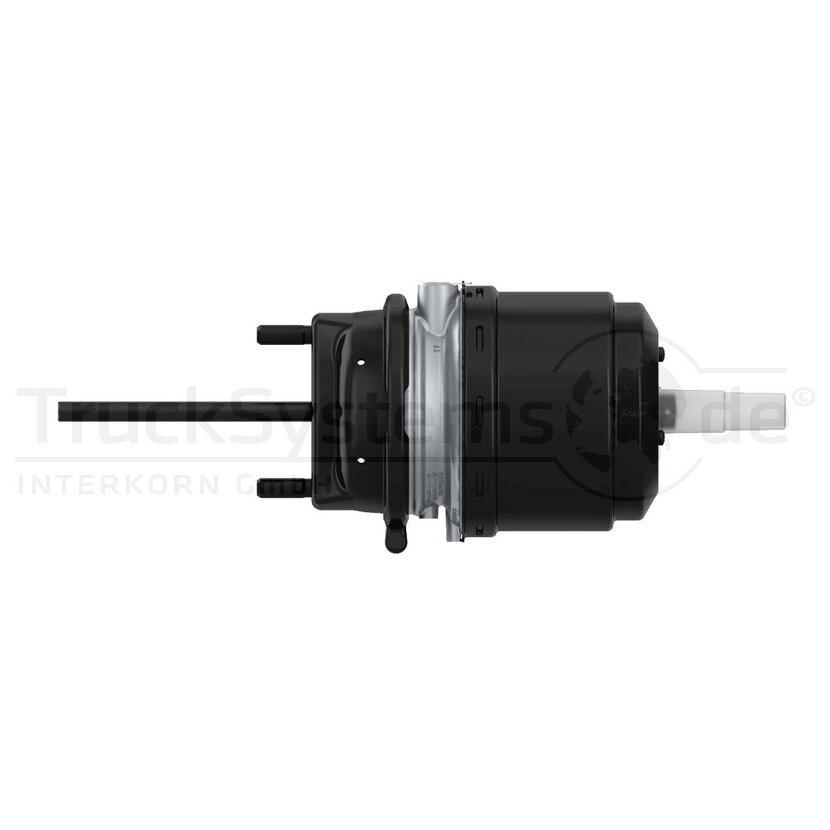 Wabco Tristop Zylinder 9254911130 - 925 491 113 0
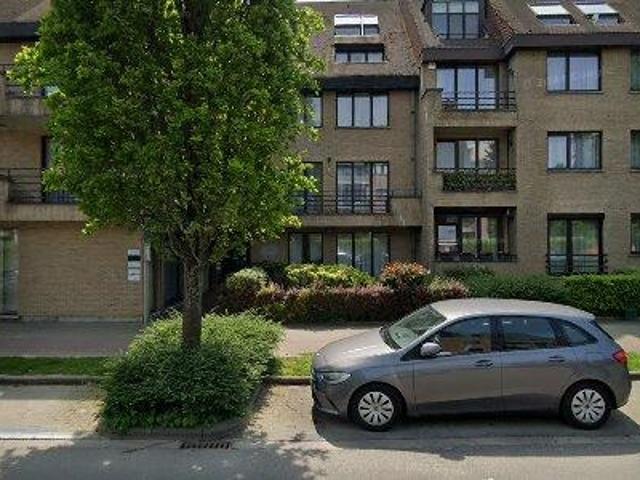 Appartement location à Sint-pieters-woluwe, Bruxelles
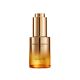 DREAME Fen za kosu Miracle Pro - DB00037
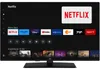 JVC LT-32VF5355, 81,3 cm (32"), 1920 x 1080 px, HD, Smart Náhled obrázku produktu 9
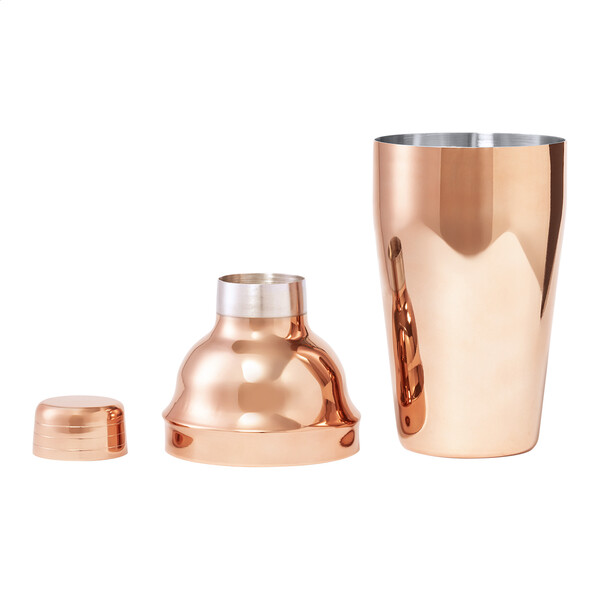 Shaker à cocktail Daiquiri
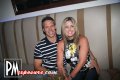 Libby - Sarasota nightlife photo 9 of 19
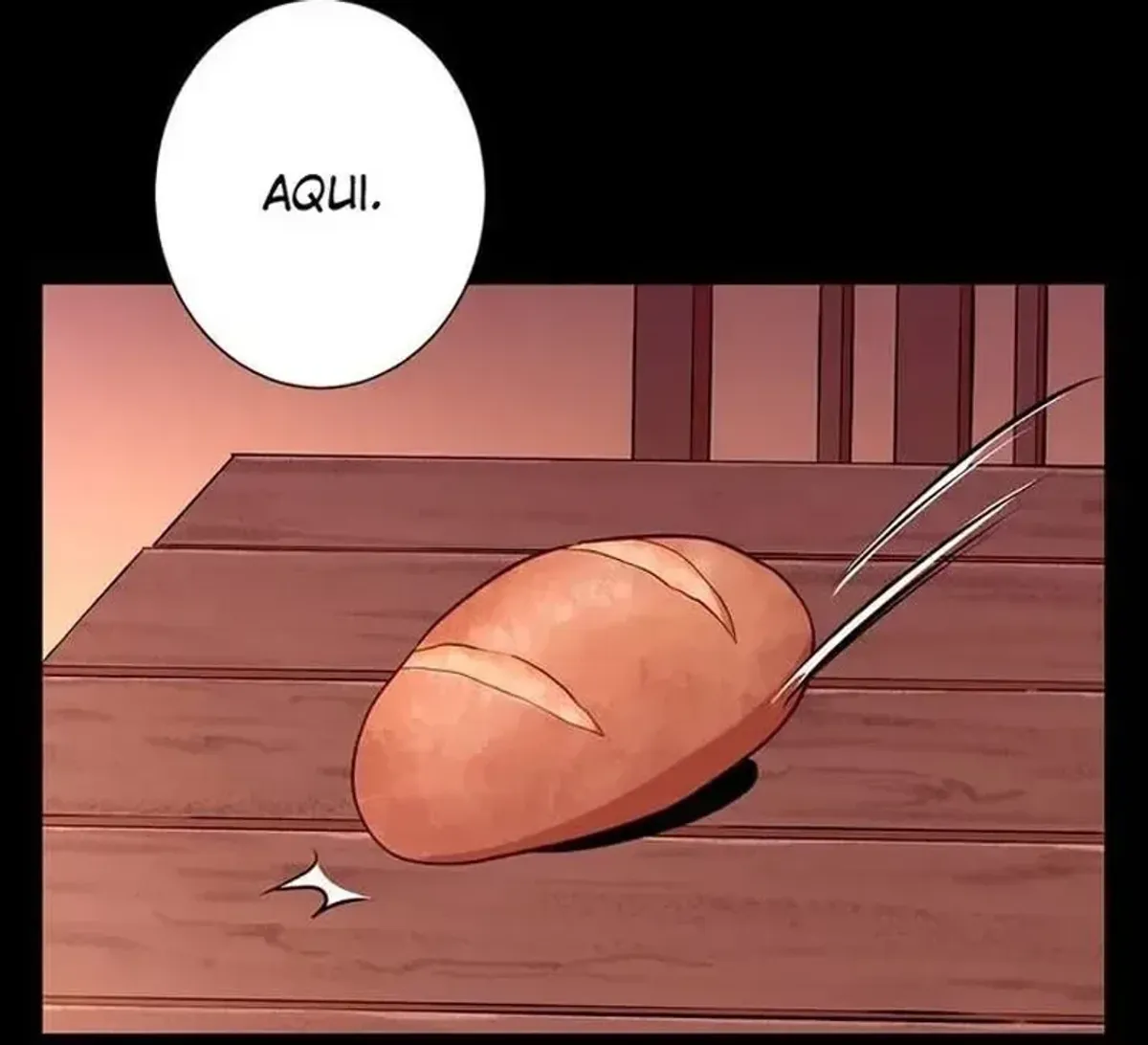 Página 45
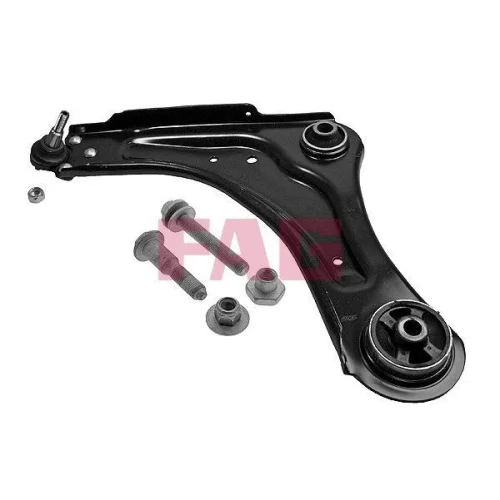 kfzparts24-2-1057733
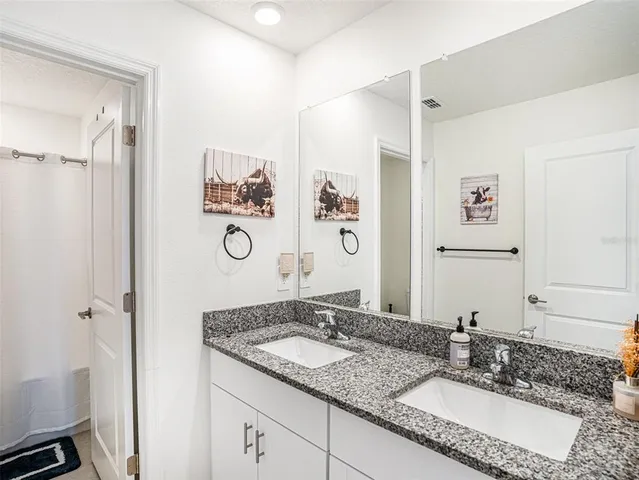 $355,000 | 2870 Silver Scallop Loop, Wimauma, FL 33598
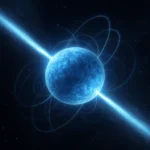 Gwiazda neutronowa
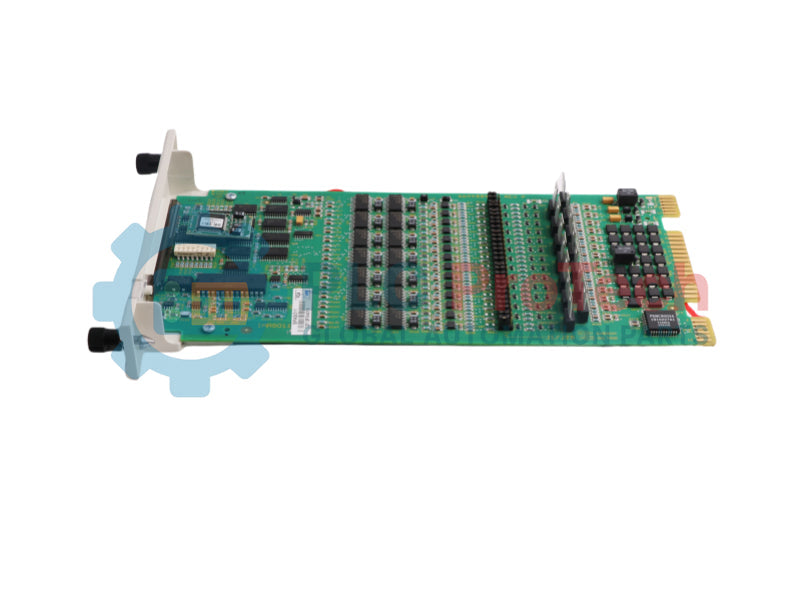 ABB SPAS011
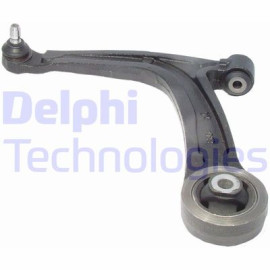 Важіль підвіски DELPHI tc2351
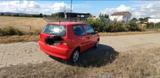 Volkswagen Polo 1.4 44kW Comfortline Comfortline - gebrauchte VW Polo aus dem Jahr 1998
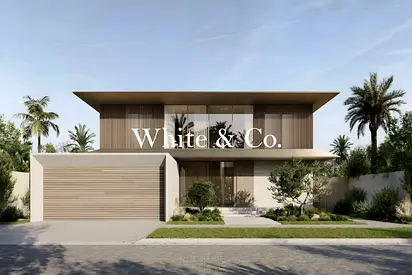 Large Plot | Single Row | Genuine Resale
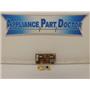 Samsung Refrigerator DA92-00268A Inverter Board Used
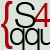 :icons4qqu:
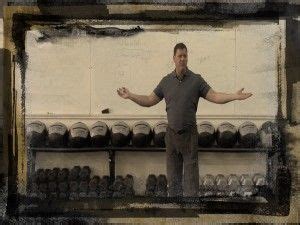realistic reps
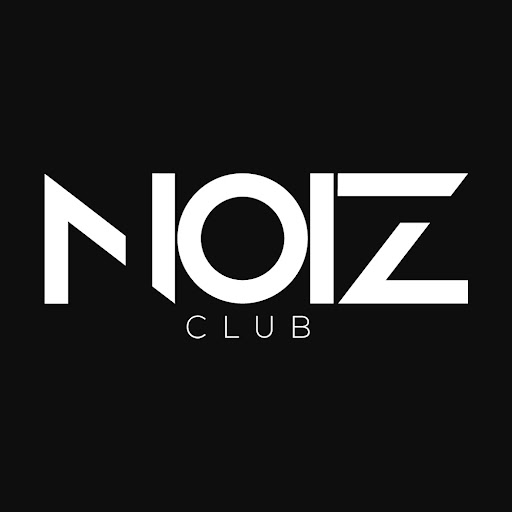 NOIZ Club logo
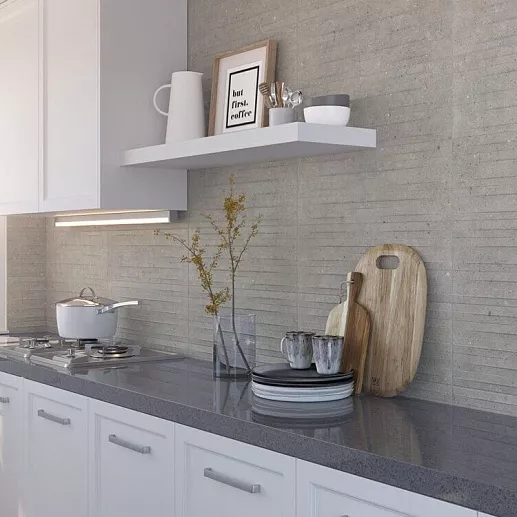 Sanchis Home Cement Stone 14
+ + + + + + +
What you will do: Nothing but the lines from the first line of the records above to the line with "Важіль підвіски DELPHI tc2351", inclusive, should be transcribed exactly, and the pictures must be left out.

Response area:
 Wabco Tristop Zylinder 9254911130 - 925 491 113 0
 Appartement location à Sint-pieters-woluwe, Bruxelles
 DREAME Fen za kosu Miracle Pro - DB00037
 JVC LT-32VF5355, 81,3 cm (32"), 1920 x 1080 px, HD, Smart Náhled obrázku produktu 9
 Shaker à cocktail Daiquiri
 Libby - Sarasota nightlife photo 9 of 19
 Página 45
 kfzparts24-2-1057733
 $355,000 | 2870 Silver Scallop Loop, Wimauma, FL 33598
 Gwiazda neutronowa
 ABB SPAS011
 Важіль підвіски DELPHI tc2351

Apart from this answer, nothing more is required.